The above example is for a California Burger and the Targets, Models, and Ingredients have already been set up. The batch size defaulted to one serving and it is not a recipe that is counted or used in other recipes. Because this recipe is sold, the fields for the current Retail Price, Model Price and Theoretical Cost, Targets, and Gross Profit are displayed:
Last Sold Date: This field was recently added as a field directly above the Retail theo cost %. This field has also been added as an optional column on the Recipe Item Find Grid and the Mass Edit Recipe Items display. This field can help identify items that may be ready to be made inactive:
Current Retail Price: The retail price is the most recent price for this Sales Item that was imported from your Point of Sale system. In the above example, the Retail Price is $12.50.
Retail Theoretical Cost %: This is the Theoretical Cost divided by the Current Retail Price. In the above example, it is $3.954 divided by $12.50 = 30.41%. This can be considered the Sales Item's theoretical food cost percent.
Model Price: The Model Price for a Sales Item is initially blank. You can enter a model price in this field that you are considering charging for this item (we have entered $13.00 in this example). You can see the impact of different model prices dynamically on this display. There is also an option on most of the Menu Analytics reports to use the Model Price.
Model Theoretical Cost %: The Model Theoretical Cost percent is the Theoretical Cost divided by the Model Price. In the above example, it is $3.954 divided by $13.00 = 30.41%.
Theoretical Cost: This is the cost to make this recipe item based on the ingredient costs and portions. The theoretical cost is perpetually updated based on the most recent invoice cost for each ingredient.
Gross Profit: This is how much money you make when you sell this item. It is the current retail price minus the theoretical cost. In the above example, it is $12.50 minus $3.954 = $8,546.
Target Cost %: Use this field to enter the theoretical cost percentage you are targeting for this Item. For modeling purposes, you can change the target cost % to see what the Target Price should be to achieve the Target Cost %. In the above example, we are targeting a 30% theoretical cost.

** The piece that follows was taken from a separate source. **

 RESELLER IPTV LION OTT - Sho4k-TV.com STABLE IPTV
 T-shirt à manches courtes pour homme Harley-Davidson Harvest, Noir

Target Price: This is a calculated field that displays the Retail Price you should charge to achieve your target cost %. In the above example, to achieve a Target Cost % of 30%, the Target Price = $13.18.
Settings:
Active: This setting defaults to Active. If you want to make a Recipe Item inactive, then click the box to remove the checkmark. An example of when you might do this is for a seasonal offering like Strawberry Shortcake which is available every year but only for one month. You can make an inactive item active again.
Save, Delete, and Exit:
At the bottom of the screen are the Save, Delete, and Exit buttons.
Save - Saves the entry or entries without exiting.
Delete - Deletes the Item. You will be asked, "Are you sure"?
Exit - Exits without saving any new entries or edits. If you have made changes, you will be asked, "Are you sure"?